İngilizce… O dokuz harfli kapı, önümüzde duran, geçmeyi başaramadıkça devasa bir duvar gibi yükselen. İlkokul sıralarından üniversite kürsülerine kadar birçok öğrenci, bu dili öğrenmek için mücadele veriyor. Ancak ne yazık ki, yıllarca ders alanların büyük bir kısmı hala ne düzgün konuşabiliyor ne de yazabiliyor. Peki, bu başarısızlık neden bu kadar yaygın?
Küçüklüğümüzden beri, başarısızlık korkusuyla büyüdük. Her yanlış cevapta, her hatalı cümlede üzerimize bir damga gibi yapıştı bu korku. Başarısızlık, hayatımızda öyle bir yer edindi ki, her adımda kendimizi geri çekmek zorunda hissettik. Zamanla, dil öğreniminde karşılaşılan en ufak bir engel, çoğu kişi için devam etme isteğini köreltir bir hal aldı. Doğru cümleyi kuramadığınızda, arkadaşlarınız size güldüğünde ya da sadece o an gözünüze çok karışık gelen kavramlar yüzünden durdunuz, gözlerinizi kapatıp geçtiniz. Bunun temel sebebi, başarısızlık korkusunun, başarıya ulaşma ihtimalinden daha ağır basması olduğunu düşünmediniz. Potansiyel bir başarısızlık ihtimalı, eşit derecede potansiyel bir başarı ihtimalinden çok daha büyük geldi gözünüze ve belirsizlik kazandı. Size hiçbir getirisi olmadığı gibi ihtimallerin içinde bırakan belirsizlik.

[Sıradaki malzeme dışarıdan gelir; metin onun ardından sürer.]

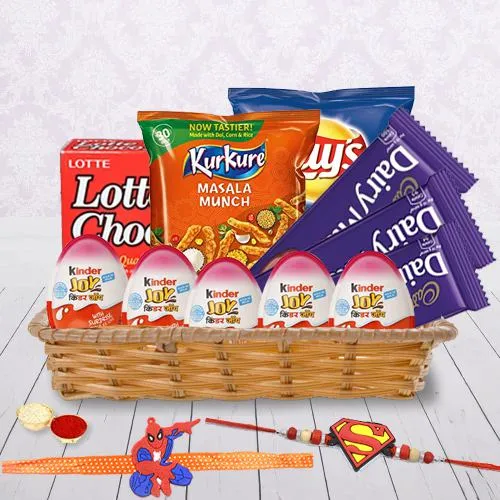 Fancy Kids Rakhi Pair with Assorted Chocolates Chips n Kinder Joy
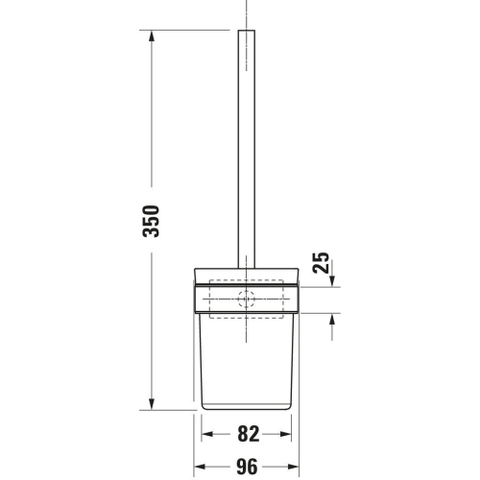 Duravit Karree Closetborstelgarnituur - met matglas wandmodel - hoogglans chroom SW55122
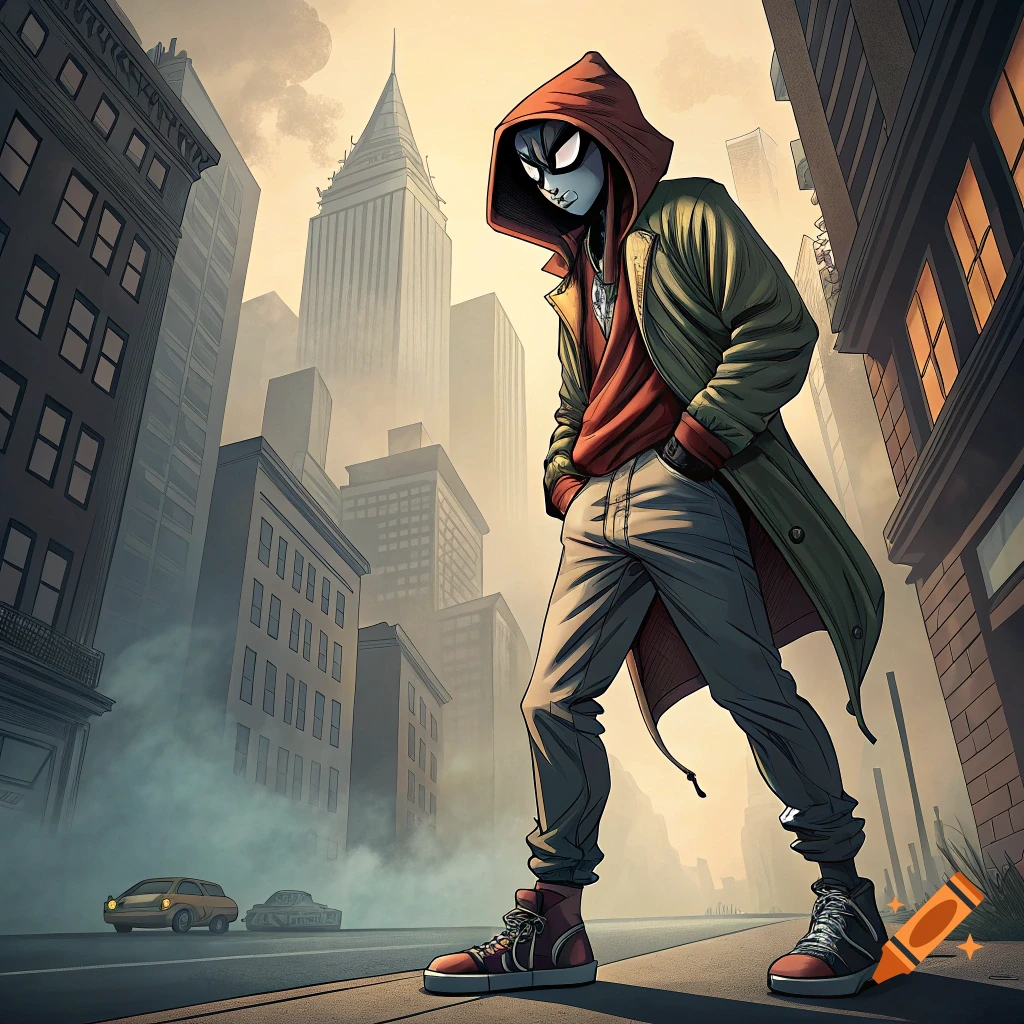 A character resembling Miles Morales in a red hoodie and green coat stands on a city street, looking down.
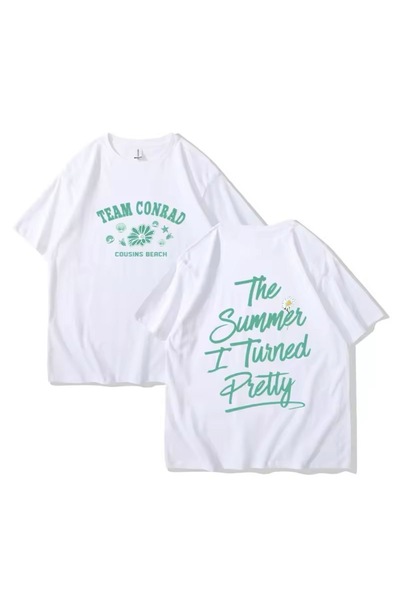 Vordevia تي شيرت من القطن كبير الحجم مطبوع من الأمام والخلف من فريق كونراد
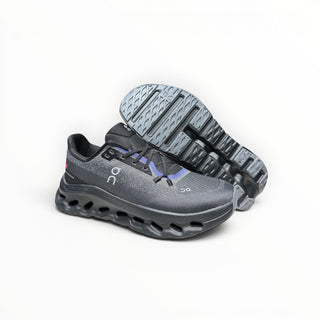 FWSports Shoes Mens On-Run Cloudtilt sneakers in black and blue with mesh upper and rocker sole design.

İçinde bulunduğumuz sistemin de bu mekanizmayı tetikler nitelikte olduğunu unutmamak gerek. Ortaokul ve lise yıllarında, edindiğimiz bilgiler çoğu zaman havada kalıyor. Gerçek hayatta kullanmadığımız, çoğunlukla gramer kurallarına dayalı bir eğitim sistemi içerisinde boğuluyoruz. Eğitimin bizlere sunduğu bu değerli bilgiler, sonunda birer hatıra olarak kalıyor; zira pratikten yoksun bir öğrenme şekli, bizi dili anlamaya ve kullanmaya yönlendirmiyor. Bu eğitim süreci, yetişkinliğe adım atarken, bir engel gibi karşımızda duruyor. İşe yaramayan bilgiler, hayat telaşında rafa kalkarken, o dil kutusu açılmadan kapalı kalıyor.
Zorlandığımızda vaz geçmek kolaydır; çünkü hata yapmanın acısı, başarıya ulaşmanın sevincinden daha yakın ve daha keskinmiş gibi hissederiz. Başarının sevinci, başarısızlığın ağırlığının yanında hafif kalırmış gibi.

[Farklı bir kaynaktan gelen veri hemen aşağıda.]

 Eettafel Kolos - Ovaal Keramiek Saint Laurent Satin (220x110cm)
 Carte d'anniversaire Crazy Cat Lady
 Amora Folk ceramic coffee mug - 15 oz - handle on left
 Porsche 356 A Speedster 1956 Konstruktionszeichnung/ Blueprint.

İşte burada durup düşünmeliyiz: Neden? Neden başlamaya bile korkuyoruz? Bilinmeyen bir yola adım atmak, bizi hayal kırıklığının karanlığına düşürecekse, neden o yolu seçelim? Bu yüzden çoğu zaman güvenli olanı, yani hiç denememeyi tercih ederiz. Oysa unutuyoruz ki, gerçek başarısızlık, en baştan denemekten vazgeçmektir.

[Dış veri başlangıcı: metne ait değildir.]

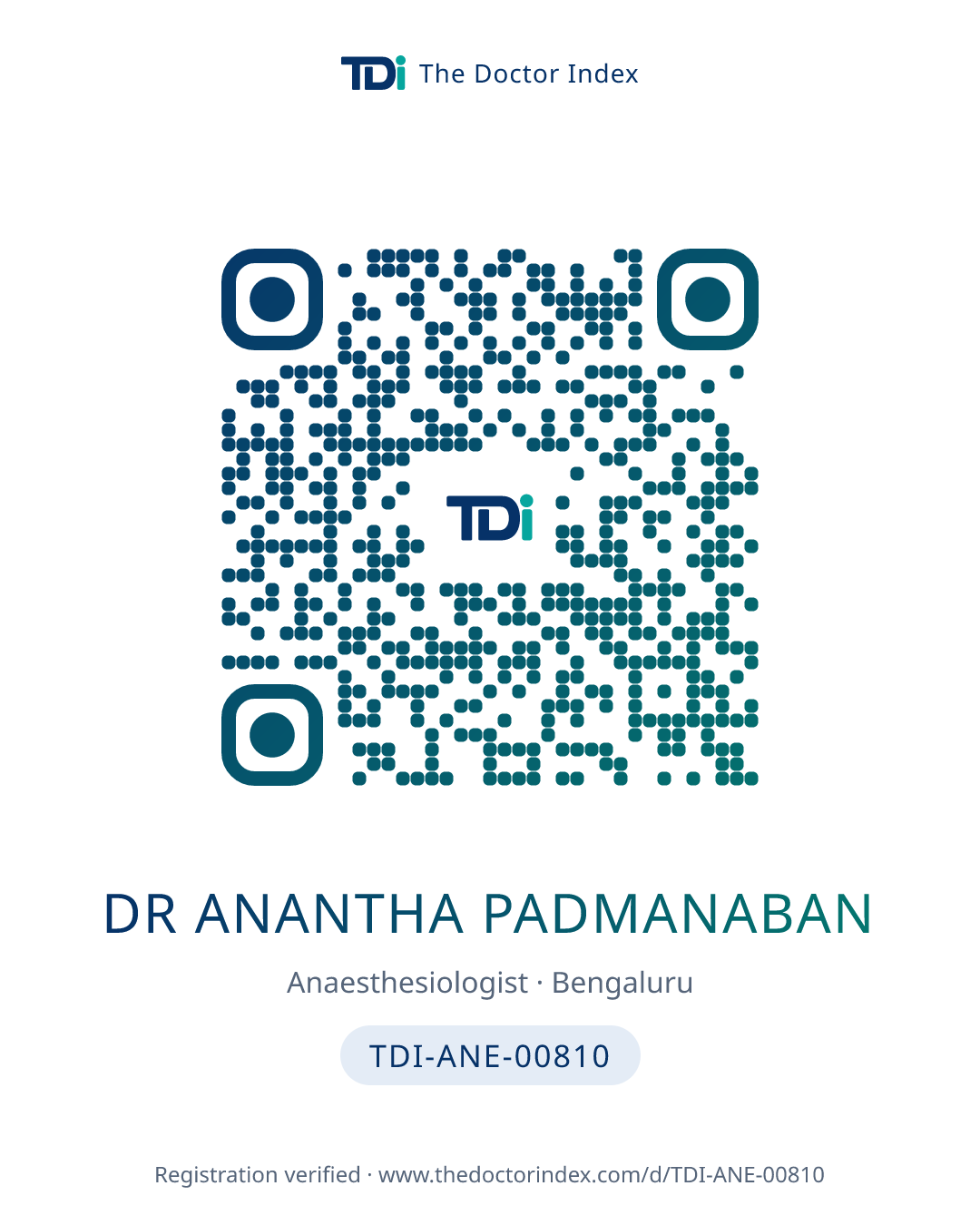 QR card for Dr Anantha Padmanaban, TDI-ANE-00810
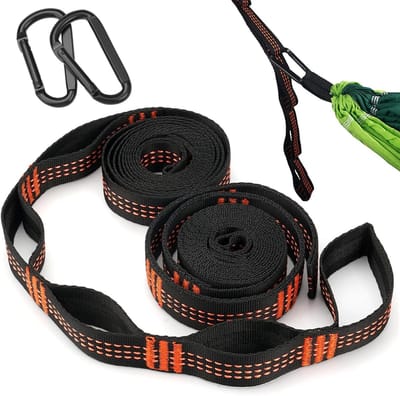 Set van 2 Hangmatbeugels met 2 m x 2.5 cm Touw, Carabiner Haken en Verstelbare Bevestigingsriemen voor Camping en Buitenactiviteiten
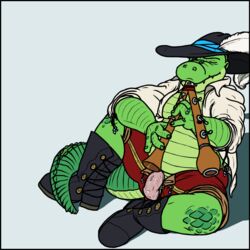 alligator anthro belly bojog boots chubby closed_eyes clothed clothing crocodilian fangs feathers flute half-dressed hat himegoto123 hybrid_musical_instrument male male_only musical_instrument musician oboe penis plain_background playing_music recorder_(musical_instrument) reptile scales scalie teeth unzipped vein woodwind_instrument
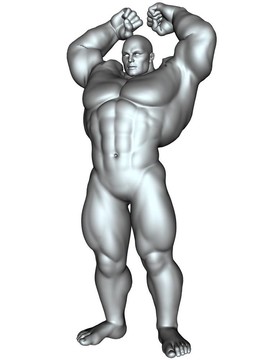 健美運動員在動作姿勢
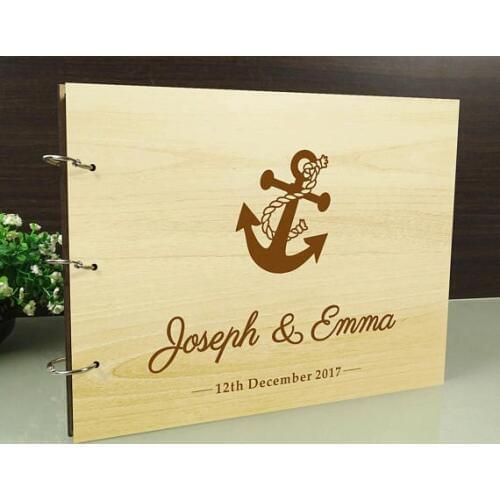 Personalized anchor nautical wedding guest album engraved Wooden guestbooks Reception party favors decorations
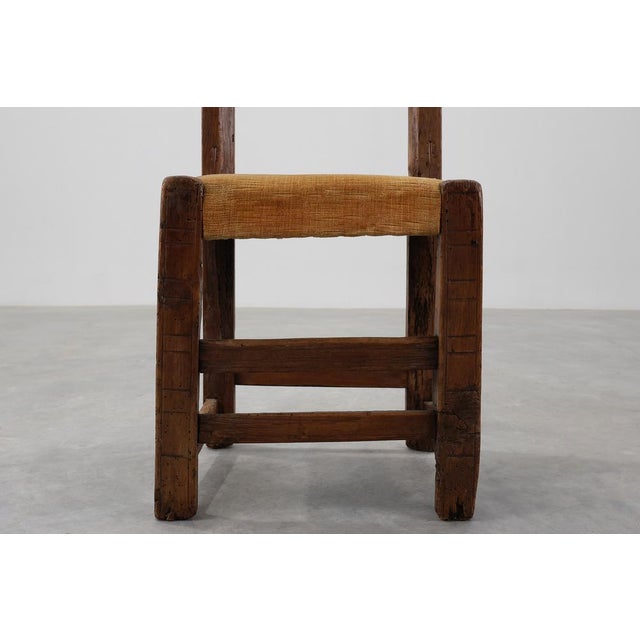 Spanish Hand-Carved Oak Side Chair with Velour Seat, 19th Century For Sale - Image 9 of 14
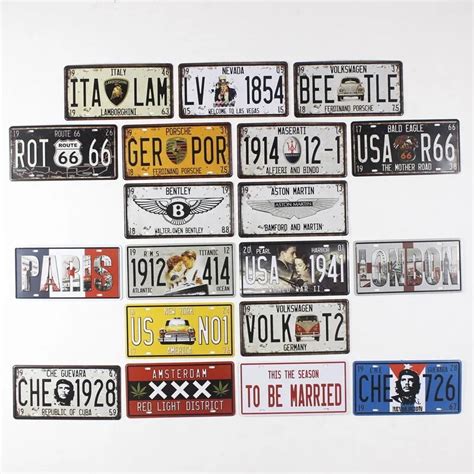 Wholesale 1530cm Retro Tin Signs Eagle Usa Route 66 License Plate Old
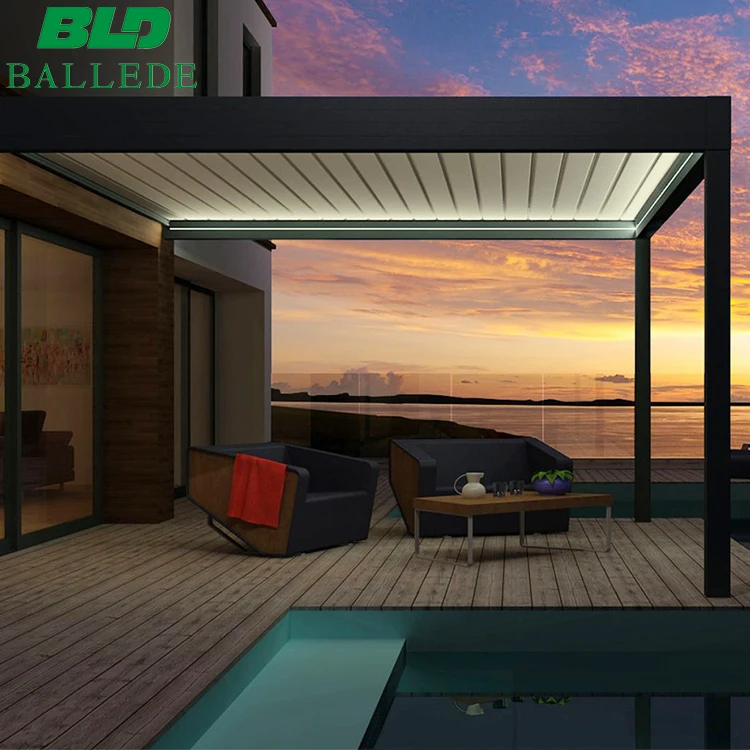 Ease Installation Black Aluminum 12x16 Attaches Wall Pergola Custom Size Louver Roof For Canada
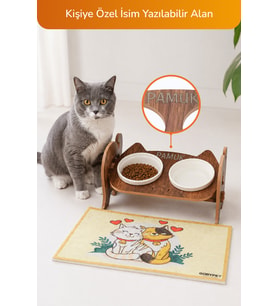 Ahşap Özel Isim Baskılı, Kedi Mama Seramik Su Kabı Standı + Hediye Kedi Halısı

Dil öğrenimi, yalnızca bir beceri kazanımı değildir; aynı zamanda insanın kendisiyle yaptığı bir savaştır. Kendi korkularıyla, çekinceleriyle yüzleşmesi… Ve işte bu yüzden, her ne kadar önümüzde büyük bir dağ gibi görünse de, o ilk adımı atmak gerekir. Çünkü en büyük cesaret, başarısız olma pahasına yola çıkmaktır.
Unutmayalım, yolun sonunda bizi bekleyen yalnızca bir dil değil, aynı zamanda o dili fetheden bir zihin, bir ruh var. Ve belki de bu yolda düşmek, bize ayağa kalkmanın ne denli güçlü bir eylem olduğunu öğretecektir.